» **Input data**:
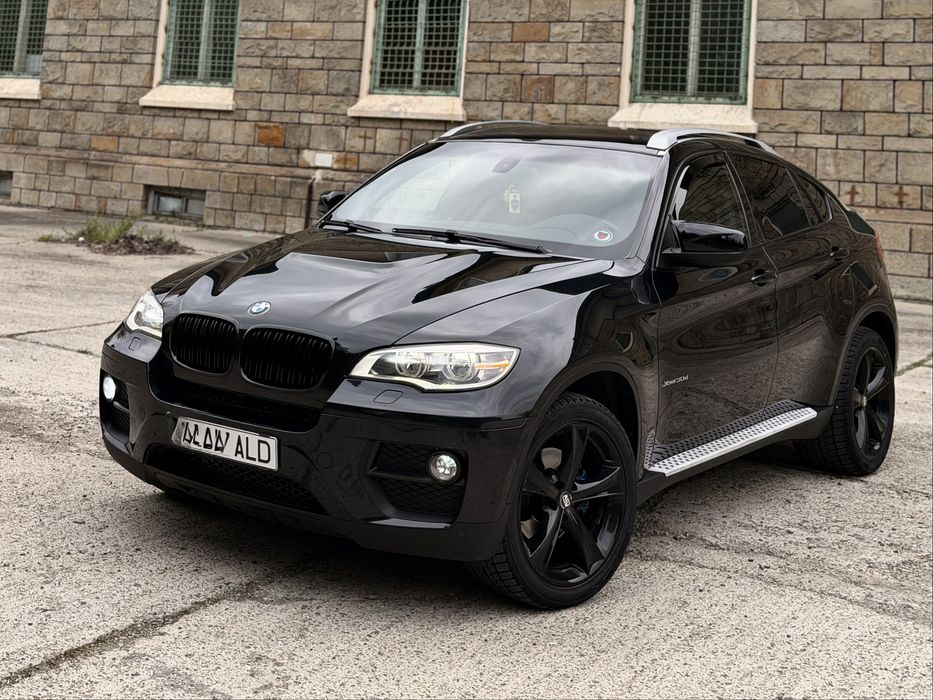 Bmw x6 facelift 2013 3.0d 245cp 4x4 xdrive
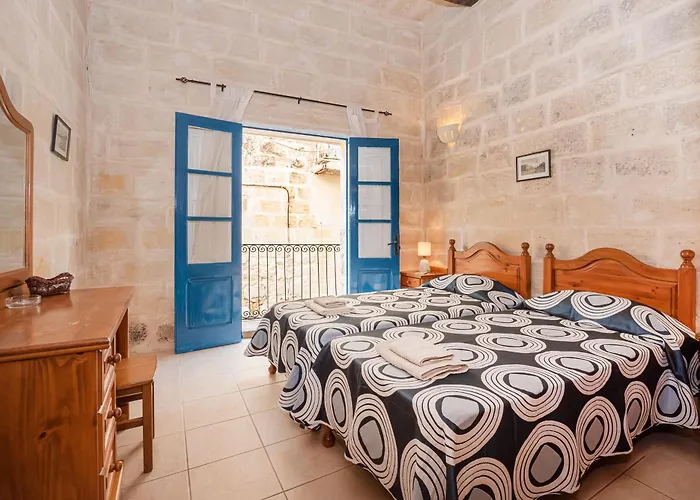 Ferienhaus 3 Bedrooms House Of Character In Near Mdina - Casa Melita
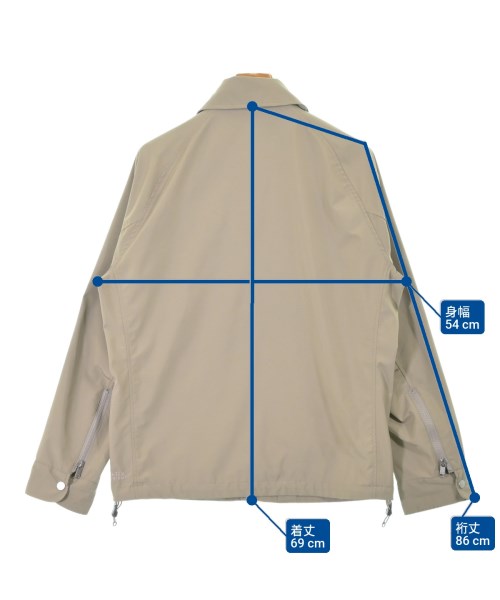 nonnative 斜紋夾克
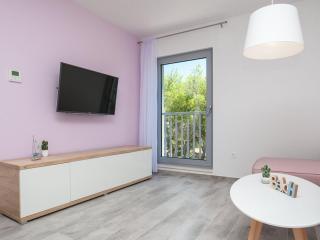 Apartments Dva Galeba - Standard One Bedroom Apartment with Sea View 203 - Bol - 9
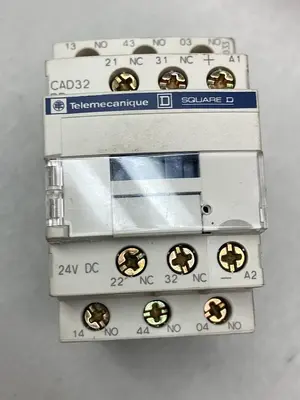 New | in-Stock SCHNEIDER CAD32BD Miscellaneous Equipment (Electrical & Power) Ohio US | Surplus Asset Holdings #1235344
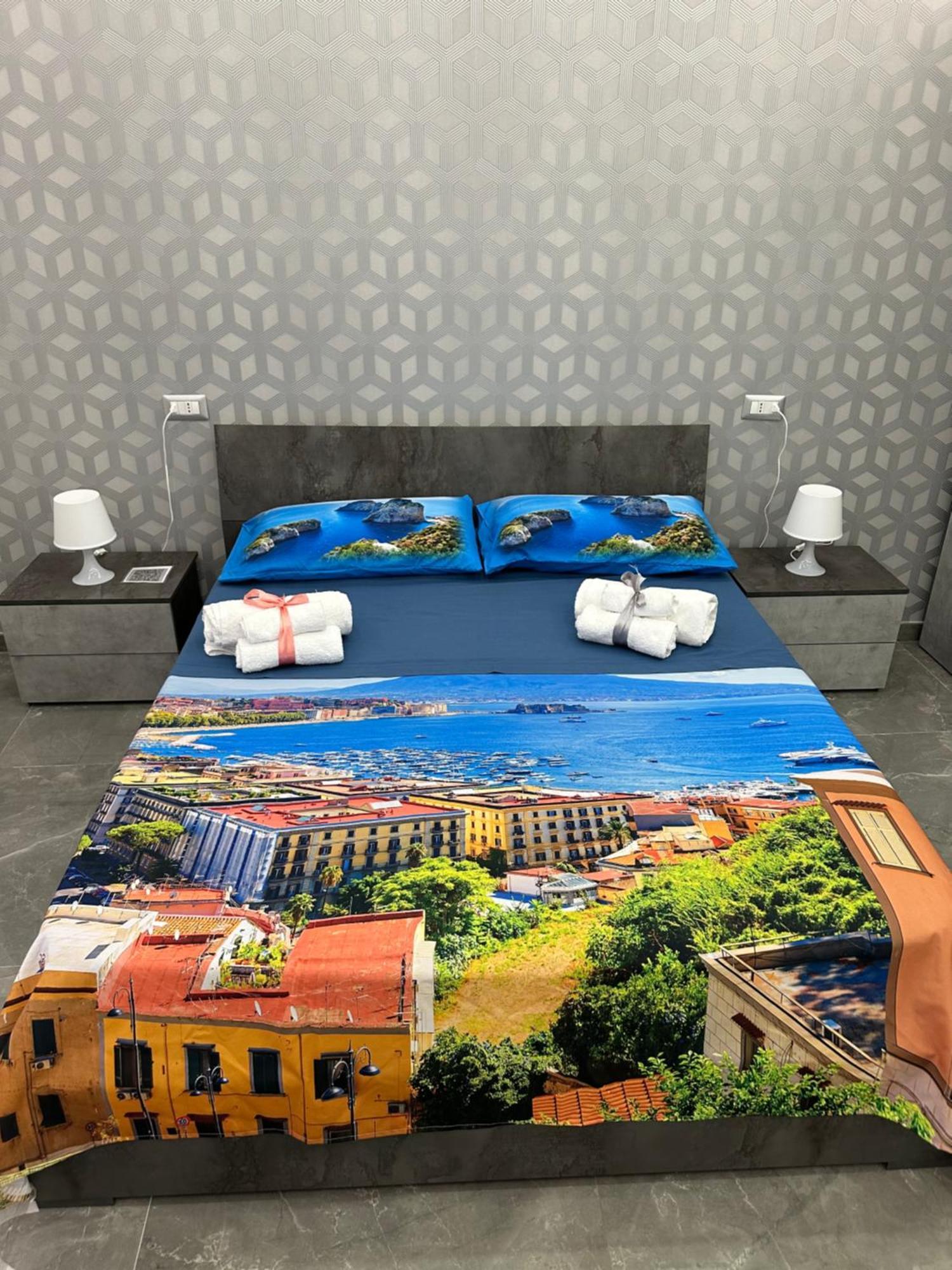 Bed & Breakfast Napolitudine Napoli
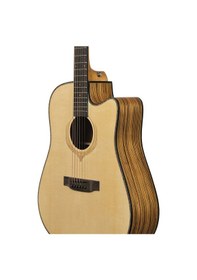 Resim Zoppran Aczp10Z Akustik Gitar 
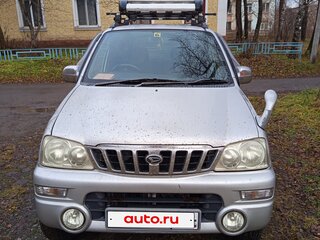 2001 Daihatsu Terios Kid I, серый, 275000 рублей, вид 1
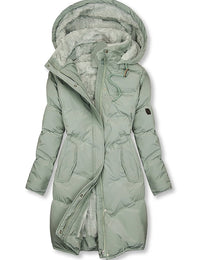 Legere Damen-Winterjacke Herbstkollektion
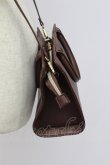 画像5: m petit by misako / 2WAYバッグ  ブラウン T-26-02-25-017-LO-BG-OW-ZT (5)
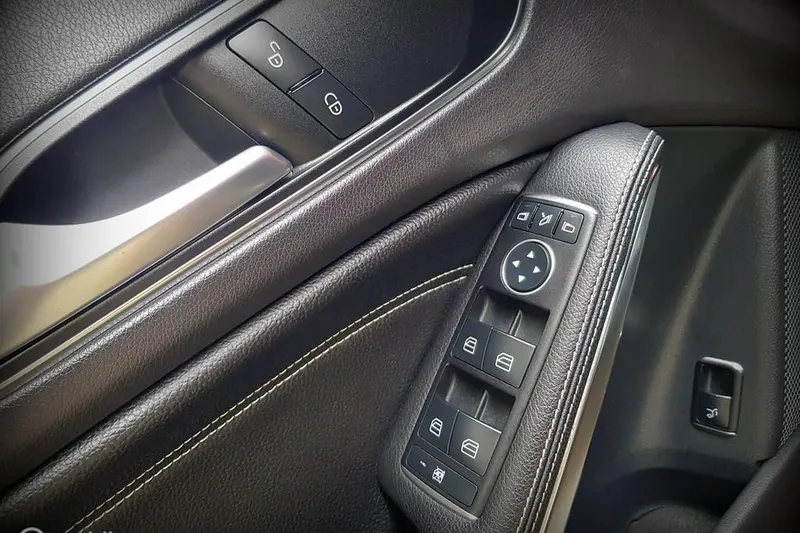 Mercedes-Benz GLA-Klasse (2017)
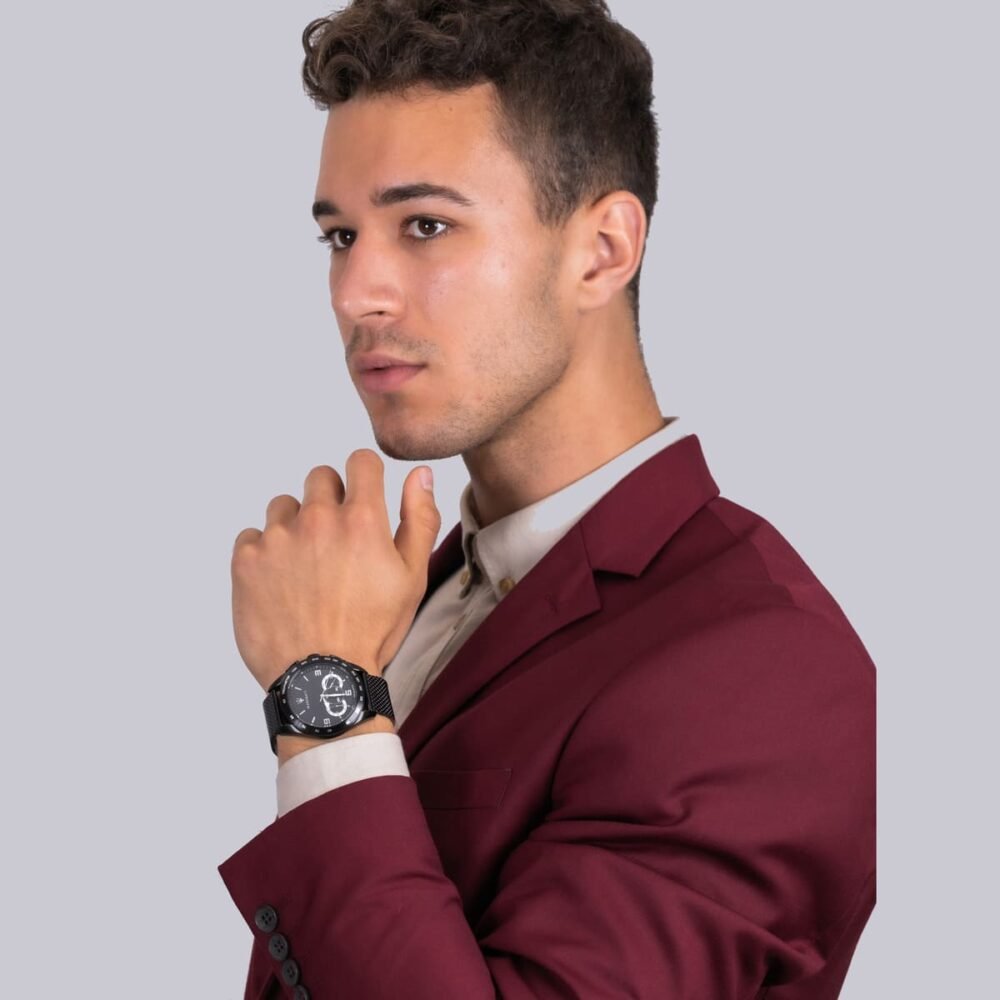 ساعة مازيراتي للرجال R8873612031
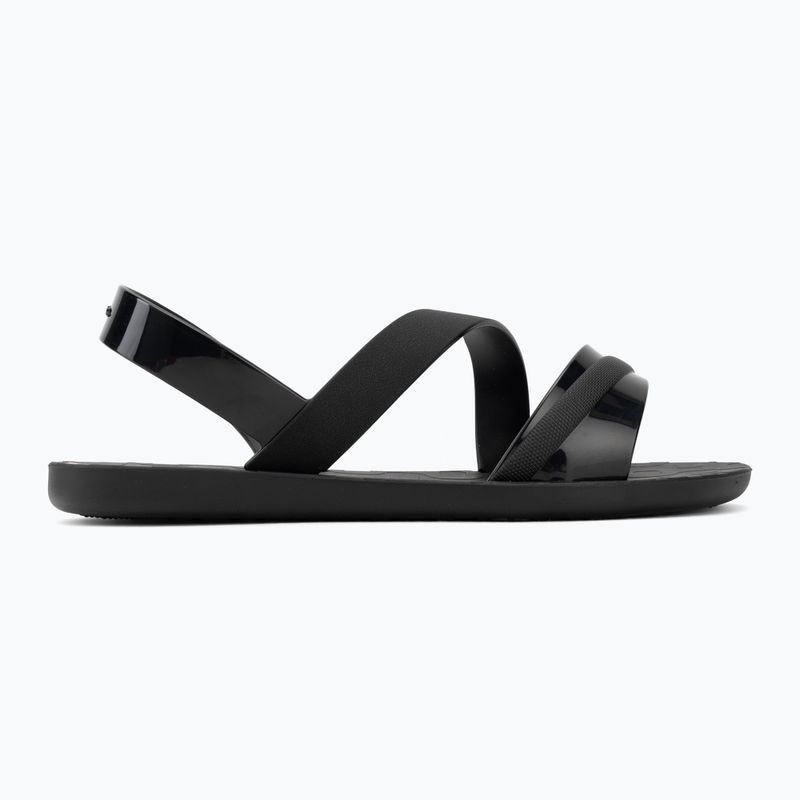 Sandale pentru femei Ipanema Vibrant Sand black/black/pink 2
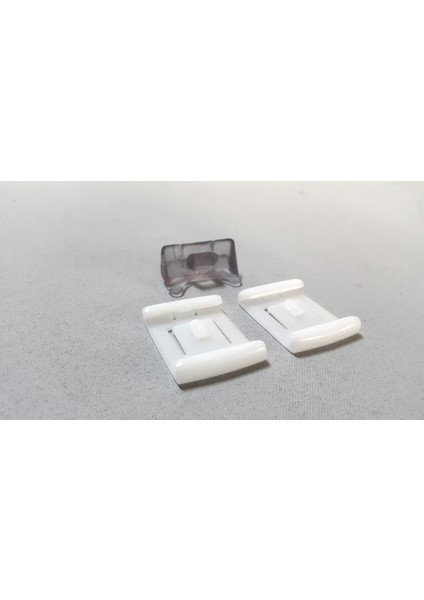 3 x Seat Arosa 6h 1997-2004 Koltuk Kızak Klipsi Takım fiyatları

» **Task objective**: From start to finish, output the listing exactly, but omit its pictures.

» **Reply**:
 Bmw x6 facelift 2013 3.0d 245cp 4x4 xdrive
 Ferienhaus 3 Bedrooms House Of Character In Near Mdina - Casa Melita
 nonnative 斜紋夾克
 Apartments Dva Galeba - Standard One Bedroom Apartment with Sea View 203 - Bol - 9
 New | in-Stock SCHNEIDER CAD32BD Miscellaneous Equipment (Electrical & Power) Ohio US | Surplus Asset Holdings #1235344
 Bed & Breakfast Napolitudine Napoli
 Resim Zoppran Aczp10Z Akustik Gitar 
 2001 Daihatsu Terios Kid I, серый, 275000 рублей, вид 1
 Legere Damen-Winterjacke Herbstkollektion
 画像5: m petit by misako / 2WAYバッグ  ブラウン T-26-02-25-017-LO-BG-OW-ZT (5)
 Mercedes-Benz GLA-Klasse (2017)
 ساعة مازيراتي للرجال R8873612031
 Sandale pentru femei Ipanema Vibrant Sand black/black/pink 2
 3 x Seat Arosa 6h 1997-2004 Koltuk Kızak Klipsi Takım fiyatları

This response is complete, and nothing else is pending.